According to Sinkins, replacement projects also tend to be welcomed by the public, biting females notwithstanding. “I think mainly because we’ve been targeting areas that have high dengue transmission rates,” he says. “The community acceptance has been very good because nothing else has really been working.”
Reducing mosquito bites, however, is not the only reason Singapore chose the suppression method over population replacement. The other one is the potential risk of viral evolution, Ng says. Just like COVID-19, dengue is caused by an RNA virus that can evolve relatively quickly. Replacement areas still have a lot of mosquitoes, and there is always the risk of sporadic dengue infections occurring in a small number of the insects. Such breakthrough infections might provide opportunities for dengue viruses to evolve and adapt to the bacterium.

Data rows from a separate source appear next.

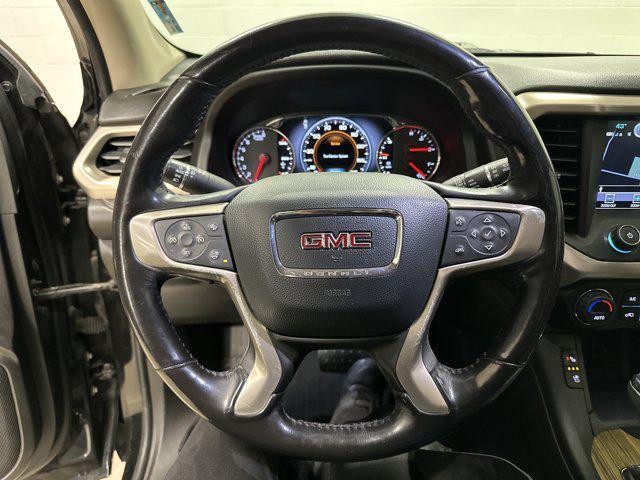 used 2019 GMC Acadia car, priced at $18,727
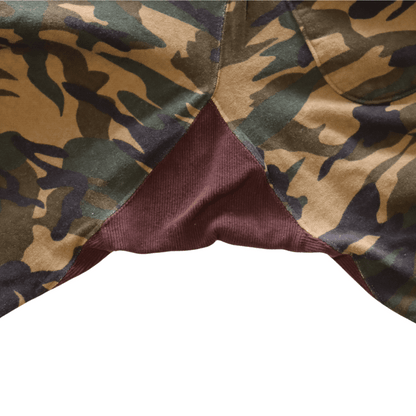 CUSHMAN クッシュマン 26872 MINI PILE SWEAT SHORTS  ミニパイル スウェットショーツ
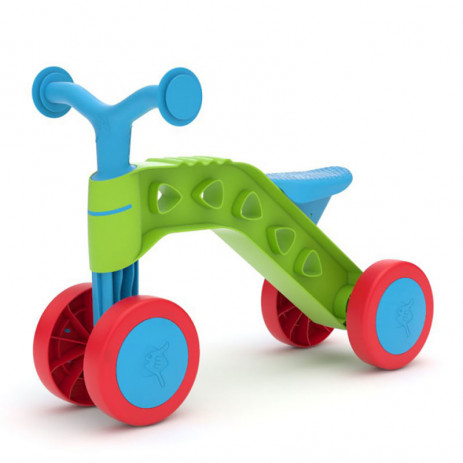 Chillafish Riding bike ITSIBITSI Blue/Green from Pakostnik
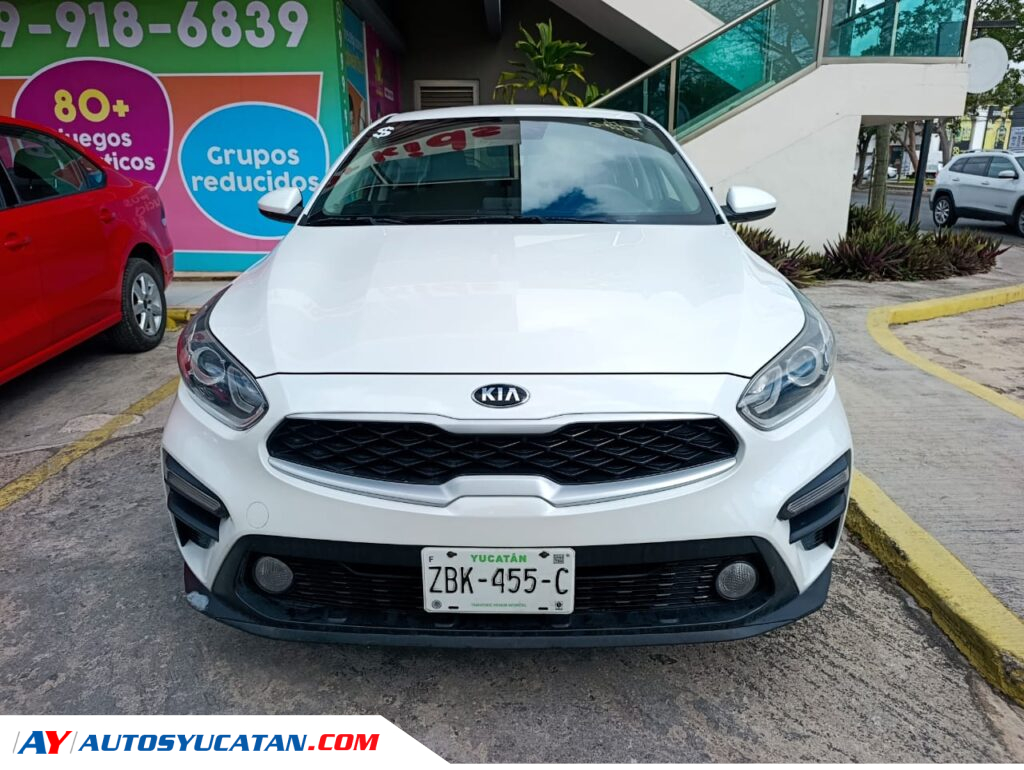 Kia Forte 2020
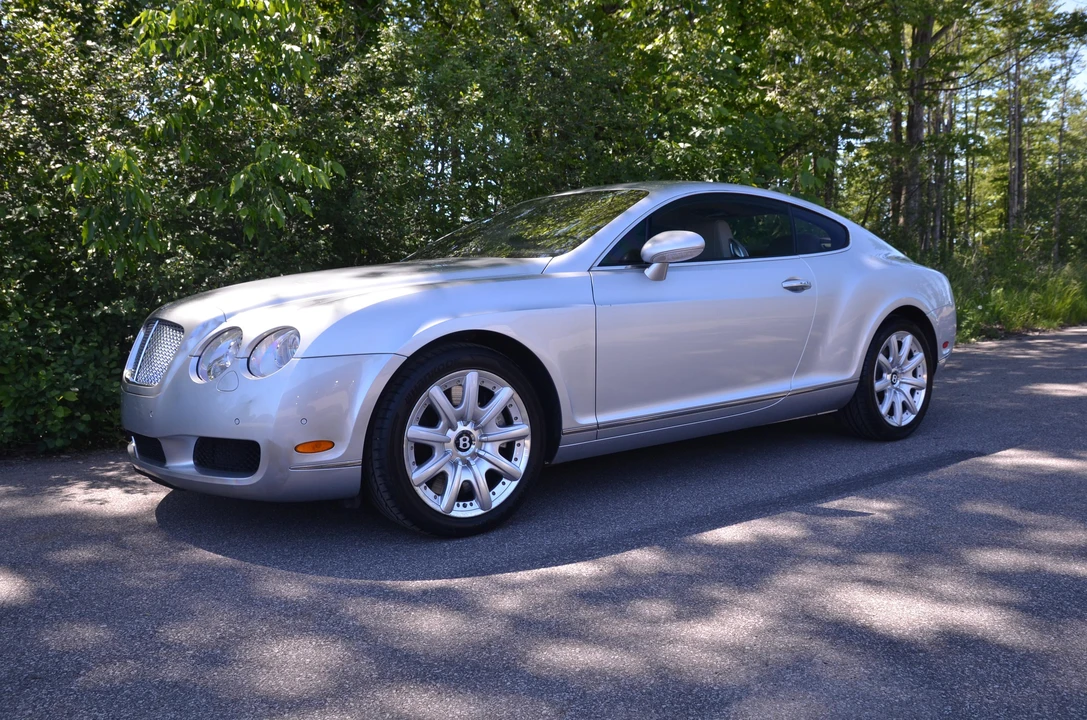 2004 Bentley Continental GT 1st Gen - Image 4 of 31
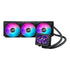 GUNMANSA Asus ROG Ryujin III ARGB AIO Liquid Cooler - 3.5" LCD Display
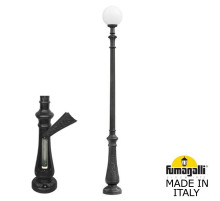 Парковый фонарь Fumagalli Globe G30.202.000.AYF1R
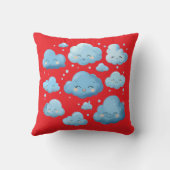 Cuddle Clouds Baby Bodysuit Kissen (Rückseite)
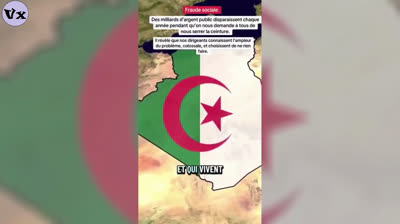 Les retraites françaises et l'Algérie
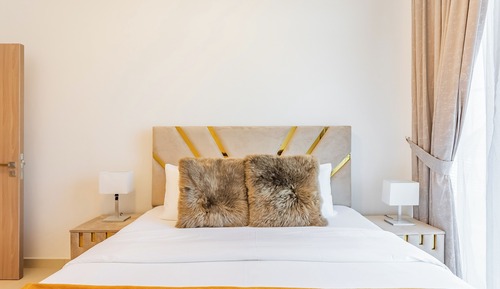 Apartamento Deluxe, balcón, vistas a la ciudad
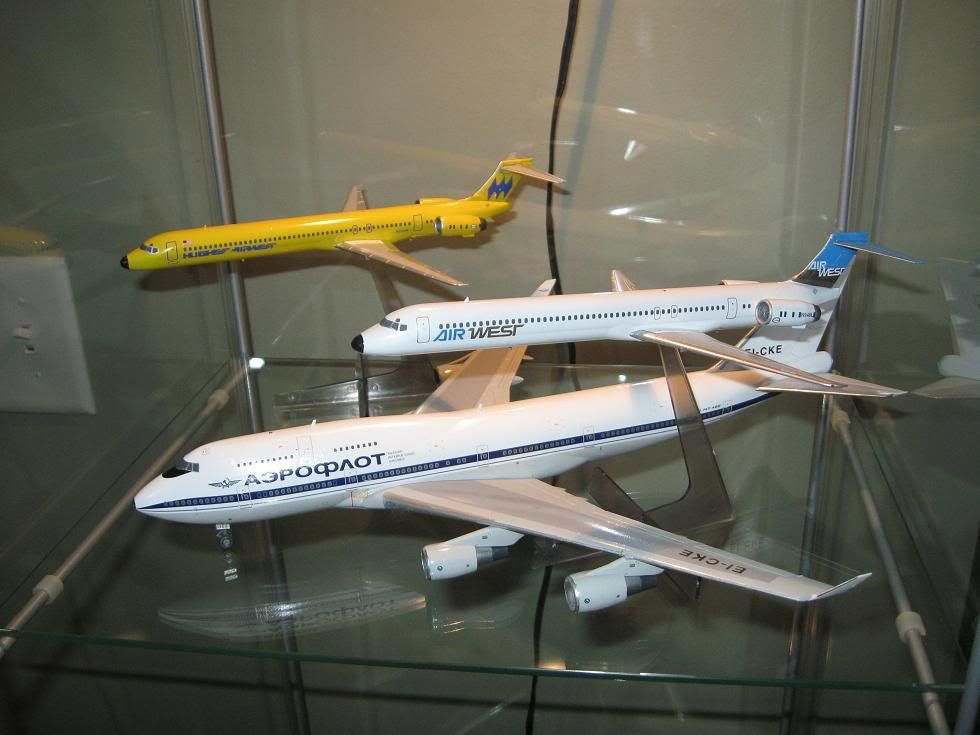 Aeroflot 747-400 - DA.C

Virus evolution is something that concerns some experts. “It’s a risk, ” says Kat Edenborough, a microbiology-research fellow at Monash University, in Australia, the institution that owns the World Mosquito Program. “It’s something that we’ll be actively surveying.” She notes, however, that unlike SARS-CoV-2, which can evolve as it spreads person to person, dengue needs two species to serve as hosts: the mosquito and the human. This, according to Edenborough, should slow down the viral evolution. A recent study in which researchers passed the dengue virus 10 times through Wolbachia-infected cells of Aedes aegypti did not show signs of the virus adapting.
Although Wolbachia programs have gained momentum over the past few years, there is still a lot of ground to cover. Scientists want to understand how exactly Wolbachia works inside mosquitoes, how it evolves, and whether it pushes viruses to fight back. And researchers want to find out if Wolbachia can help fight other diseases, such as malaria. (There are some indications that it might.) The World Health Organization has set a goal to lower the incidence of dengue by 2030 by at least 60 percent compared with 2016 numbers. “To get to that point,” Edenborough says, “we need to just be using everything that we can.”